TRY IT -
The expected output is each line in the data below that includes the string "Chapter".

==== MATERIAL FOR THIS TASK

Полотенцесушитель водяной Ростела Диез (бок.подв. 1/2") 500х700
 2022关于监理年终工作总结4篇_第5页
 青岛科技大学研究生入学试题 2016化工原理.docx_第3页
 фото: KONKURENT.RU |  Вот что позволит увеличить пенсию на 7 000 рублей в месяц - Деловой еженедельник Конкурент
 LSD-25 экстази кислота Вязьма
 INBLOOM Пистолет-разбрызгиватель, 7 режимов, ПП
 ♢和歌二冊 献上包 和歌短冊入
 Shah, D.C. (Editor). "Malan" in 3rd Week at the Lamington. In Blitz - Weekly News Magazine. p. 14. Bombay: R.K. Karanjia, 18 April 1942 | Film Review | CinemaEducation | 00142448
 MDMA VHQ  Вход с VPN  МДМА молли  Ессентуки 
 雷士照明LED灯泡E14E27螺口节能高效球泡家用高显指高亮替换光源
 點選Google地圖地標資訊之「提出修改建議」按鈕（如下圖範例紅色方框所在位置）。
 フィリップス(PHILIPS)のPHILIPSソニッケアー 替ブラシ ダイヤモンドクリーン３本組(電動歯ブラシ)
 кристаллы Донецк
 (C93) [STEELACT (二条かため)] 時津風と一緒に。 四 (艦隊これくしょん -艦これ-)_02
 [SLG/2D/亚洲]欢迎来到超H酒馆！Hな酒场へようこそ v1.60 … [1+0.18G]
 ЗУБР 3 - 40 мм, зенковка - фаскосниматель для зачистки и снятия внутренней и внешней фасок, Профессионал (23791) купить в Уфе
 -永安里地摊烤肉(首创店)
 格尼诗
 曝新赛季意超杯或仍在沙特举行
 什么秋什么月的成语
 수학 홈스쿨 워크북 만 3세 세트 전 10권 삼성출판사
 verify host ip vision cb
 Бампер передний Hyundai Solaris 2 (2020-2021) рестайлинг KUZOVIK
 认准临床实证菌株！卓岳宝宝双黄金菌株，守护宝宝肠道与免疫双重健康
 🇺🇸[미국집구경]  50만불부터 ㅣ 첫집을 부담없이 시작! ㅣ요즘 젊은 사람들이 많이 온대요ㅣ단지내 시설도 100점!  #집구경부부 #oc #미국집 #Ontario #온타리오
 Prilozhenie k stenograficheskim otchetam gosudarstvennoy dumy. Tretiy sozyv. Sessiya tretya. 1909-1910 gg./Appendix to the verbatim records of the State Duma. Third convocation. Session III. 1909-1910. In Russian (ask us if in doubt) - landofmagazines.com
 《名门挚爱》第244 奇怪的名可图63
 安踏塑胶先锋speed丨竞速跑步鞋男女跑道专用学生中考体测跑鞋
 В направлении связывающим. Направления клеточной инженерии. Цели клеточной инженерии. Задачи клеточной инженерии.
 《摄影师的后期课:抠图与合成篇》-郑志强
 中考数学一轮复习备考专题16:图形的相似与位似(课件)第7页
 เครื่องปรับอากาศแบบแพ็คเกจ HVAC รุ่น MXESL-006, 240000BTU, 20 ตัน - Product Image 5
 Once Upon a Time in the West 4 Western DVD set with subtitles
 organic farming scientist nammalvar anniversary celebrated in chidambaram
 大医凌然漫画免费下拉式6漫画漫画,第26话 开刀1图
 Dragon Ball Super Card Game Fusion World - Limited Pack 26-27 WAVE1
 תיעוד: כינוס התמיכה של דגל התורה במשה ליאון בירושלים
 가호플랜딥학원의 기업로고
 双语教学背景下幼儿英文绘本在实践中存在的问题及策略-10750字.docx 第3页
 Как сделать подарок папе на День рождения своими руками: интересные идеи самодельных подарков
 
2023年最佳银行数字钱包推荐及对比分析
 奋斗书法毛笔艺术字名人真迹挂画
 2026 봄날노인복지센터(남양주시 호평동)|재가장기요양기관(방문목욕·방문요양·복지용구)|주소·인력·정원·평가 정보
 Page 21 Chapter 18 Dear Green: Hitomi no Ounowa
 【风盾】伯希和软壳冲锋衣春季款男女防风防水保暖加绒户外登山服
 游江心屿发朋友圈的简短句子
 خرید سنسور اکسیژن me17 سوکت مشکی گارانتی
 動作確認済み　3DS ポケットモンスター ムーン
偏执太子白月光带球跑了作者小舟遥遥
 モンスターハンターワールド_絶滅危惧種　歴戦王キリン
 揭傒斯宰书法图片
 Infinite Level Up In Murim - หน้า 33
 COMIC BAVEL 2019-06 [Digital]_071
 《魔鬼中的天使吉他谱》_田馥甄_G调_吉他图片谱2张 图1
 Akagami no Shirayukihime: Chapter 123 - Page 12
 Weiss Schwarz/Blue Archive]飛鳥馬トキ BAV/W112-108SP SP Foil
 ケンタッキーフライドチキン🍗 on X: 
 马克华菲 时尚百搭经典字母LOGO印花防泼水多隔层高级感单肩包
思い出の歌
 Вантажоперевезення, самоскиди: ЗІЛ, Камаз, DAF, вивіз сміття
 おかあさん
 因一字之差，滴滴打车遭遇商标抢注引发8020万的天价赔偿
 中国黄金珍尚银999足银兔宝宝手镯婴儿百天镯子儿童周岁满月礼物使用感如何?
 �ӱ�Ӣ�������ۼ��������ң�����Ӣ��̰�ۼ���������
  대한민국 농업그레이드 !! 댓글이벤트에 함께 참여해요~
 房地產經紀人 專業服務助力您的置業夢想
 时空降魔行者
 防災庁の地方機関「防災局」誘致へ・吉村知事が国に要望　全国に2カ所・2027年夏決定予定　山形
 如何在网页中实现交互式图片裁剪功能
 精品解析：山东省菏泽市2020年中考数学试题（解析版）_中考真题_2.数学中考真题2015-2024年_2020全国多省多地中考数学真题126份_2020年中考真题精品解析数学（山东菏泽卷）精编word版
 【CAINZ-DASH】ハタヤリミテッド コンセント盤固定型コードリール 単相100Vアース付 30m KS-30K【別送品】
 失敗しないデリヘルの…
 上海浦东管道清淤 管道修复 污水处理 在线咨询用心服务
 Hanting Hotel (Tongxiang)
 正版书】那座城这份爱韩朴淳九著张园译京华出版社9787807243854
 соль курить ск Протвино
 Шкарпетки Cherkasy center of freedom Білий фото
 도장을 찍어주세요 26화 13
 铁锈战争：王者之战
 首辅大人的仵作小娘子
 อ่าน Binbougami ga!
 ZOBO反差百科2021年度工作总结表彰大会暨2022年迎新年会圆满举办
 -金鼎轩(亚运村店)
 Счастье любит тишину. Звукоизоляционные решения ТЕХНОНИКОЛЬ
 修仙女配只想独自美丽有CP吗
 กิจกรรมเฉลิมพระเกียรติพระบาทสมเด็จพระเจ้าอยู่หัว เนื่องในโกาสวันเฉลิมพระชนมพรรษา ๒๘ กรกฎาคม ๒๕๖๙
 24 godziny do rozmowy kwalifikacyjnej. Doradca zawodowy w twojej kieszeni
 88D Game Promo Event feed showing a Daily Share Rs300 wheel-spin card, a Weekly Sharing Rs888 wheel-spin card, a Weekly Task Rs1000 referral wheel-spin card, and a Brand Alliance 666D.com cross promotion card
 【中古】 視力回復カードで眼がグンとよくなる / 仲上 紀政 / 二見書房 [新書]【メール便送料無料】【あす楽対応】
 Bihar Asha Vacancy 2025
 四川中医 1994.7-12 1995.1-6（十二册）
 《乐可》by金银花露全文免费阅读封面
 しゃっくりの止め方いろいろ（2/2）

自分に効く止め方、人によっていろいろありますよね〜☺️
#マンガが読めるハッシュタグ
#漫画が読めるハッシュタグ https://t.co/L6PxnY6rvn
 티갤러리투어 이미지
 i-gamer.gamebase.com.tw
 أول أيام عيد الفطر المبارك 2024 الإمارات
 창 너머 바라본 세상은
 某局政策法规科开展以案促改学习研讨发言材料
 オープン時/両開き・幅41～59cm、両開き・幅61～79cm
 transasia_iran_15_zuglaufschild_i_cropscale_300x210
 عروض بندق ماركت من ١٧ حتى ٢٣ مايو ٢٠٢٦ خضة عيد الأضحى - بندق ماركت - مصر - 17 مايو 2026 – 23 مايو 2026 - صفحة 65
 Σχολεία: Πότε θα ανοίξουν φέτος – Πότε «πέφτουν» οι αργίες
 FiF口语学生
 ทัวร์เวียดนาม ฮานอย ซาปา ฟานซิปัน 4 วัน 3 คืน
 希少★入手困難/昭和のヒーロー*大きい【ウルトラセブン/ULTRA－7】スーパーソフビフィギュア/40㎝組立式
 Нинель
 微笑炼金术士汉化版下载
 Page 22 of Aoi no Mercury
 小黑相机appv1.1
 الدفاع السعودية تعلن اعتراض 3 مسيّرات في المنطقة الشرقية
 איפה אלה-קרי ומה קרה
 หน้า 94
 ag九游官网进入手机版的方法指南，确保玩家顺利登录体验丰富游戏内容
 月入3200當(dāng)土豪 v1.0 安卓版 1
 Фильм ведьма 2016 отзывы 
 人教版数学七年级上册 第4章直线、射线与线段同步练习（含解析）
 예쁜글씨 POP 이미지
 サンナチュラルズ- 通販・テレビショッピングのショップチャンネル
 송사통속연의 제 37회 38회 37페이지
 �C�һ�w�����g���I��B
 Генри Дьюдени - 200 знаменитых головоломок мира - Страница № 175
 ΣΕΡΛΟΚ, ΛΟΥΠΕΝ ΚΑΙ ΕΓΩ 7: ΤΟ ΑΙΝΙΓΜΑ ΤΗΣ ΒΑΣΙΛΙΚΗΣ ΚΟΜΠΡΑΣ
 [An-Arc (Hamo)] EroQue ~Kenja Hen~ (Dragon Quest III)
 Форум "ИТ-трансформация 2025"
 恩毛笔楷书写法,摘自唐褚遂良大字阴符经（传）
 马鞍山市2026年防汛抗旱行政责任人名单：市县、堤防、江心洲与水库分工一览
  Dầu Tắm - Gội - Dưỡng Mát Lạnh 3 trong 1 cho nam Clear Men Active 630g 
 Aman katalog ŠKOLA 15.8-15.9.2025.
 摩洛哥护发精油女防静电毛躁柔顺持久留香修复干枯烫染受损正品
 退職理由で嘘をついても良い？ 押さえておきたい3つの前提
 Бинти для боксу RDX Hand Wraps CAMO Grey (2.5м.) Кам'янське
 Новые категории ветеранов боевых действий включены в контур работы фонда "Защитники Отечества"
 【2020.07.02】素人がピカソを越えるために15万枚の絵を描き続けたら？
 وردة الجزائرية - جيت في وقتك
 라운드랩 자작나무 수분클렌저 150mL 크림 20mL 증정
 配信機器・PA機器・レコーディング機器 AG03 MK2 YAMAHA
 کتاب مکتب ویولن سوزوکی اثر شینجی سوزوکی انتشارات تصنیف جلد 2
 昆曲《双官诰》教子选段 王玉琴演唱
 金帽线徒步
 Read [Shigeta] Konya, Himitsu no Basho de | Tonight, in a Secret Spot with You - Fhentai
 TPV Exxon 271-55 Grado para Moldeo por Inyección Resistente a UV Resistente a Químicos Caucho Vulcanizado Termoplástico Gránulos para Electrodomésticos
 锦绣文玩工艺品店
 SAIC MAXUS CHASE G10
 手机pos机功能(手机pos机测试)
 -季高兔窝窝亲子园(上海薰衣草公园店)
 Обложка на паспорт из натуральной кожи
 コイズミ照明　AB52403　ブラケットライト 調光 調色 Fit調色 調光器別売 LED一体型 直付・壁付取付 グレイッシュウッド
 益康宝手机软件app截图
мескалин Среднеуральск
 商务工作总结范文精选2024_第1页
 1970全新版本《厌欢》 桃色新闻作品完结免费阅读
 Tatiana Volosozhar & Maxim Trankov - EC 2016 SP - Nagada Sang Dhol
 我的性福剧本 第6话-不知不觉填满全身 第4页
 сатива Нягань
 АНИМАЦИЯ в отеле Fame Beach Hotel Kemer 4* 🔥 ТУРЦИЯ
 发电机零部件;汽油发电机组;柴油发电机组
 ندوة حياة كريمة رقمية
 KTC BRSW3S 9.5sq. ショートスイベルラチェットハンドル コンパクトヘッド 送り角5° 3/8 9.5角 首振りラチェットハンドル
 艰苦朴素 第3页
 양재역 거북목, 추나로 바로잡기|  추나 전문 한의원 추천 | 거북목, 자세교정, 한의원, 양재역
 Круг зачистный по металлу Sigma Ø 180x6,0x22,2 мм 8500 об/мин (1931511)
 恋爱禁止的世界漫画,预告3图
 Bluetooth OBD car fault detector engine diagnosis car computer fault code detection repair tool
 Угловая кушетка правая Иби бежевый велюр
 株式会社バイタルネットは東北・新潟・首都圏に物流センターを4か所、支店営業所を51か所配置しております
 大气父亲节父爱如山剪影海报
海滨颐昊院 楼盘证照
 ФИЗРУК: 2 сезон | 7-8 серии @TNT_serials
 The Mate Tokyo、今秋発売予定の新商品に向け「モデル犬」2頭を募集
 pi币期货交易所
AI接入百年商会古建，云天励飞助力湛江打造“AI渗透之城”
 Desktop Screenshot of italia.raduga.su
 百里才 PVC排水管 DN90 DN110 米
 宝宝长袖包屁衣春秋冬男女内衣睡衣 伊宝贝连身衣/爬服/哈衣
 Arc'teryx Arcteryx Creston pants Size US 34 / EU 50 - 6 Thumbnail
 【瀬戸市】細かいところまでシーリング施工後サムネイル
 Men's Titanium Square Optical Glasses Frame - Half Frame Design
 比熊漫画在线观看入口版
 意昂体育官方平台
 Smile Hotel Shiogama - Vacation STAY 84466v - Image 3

========

OUTPUT OF THE EXERCISE -
 Page 21 Chapter 18 Dear Green: Hitomi no Ounowa
 Akagami no Shirayukihime: Chapter 123 - Page 12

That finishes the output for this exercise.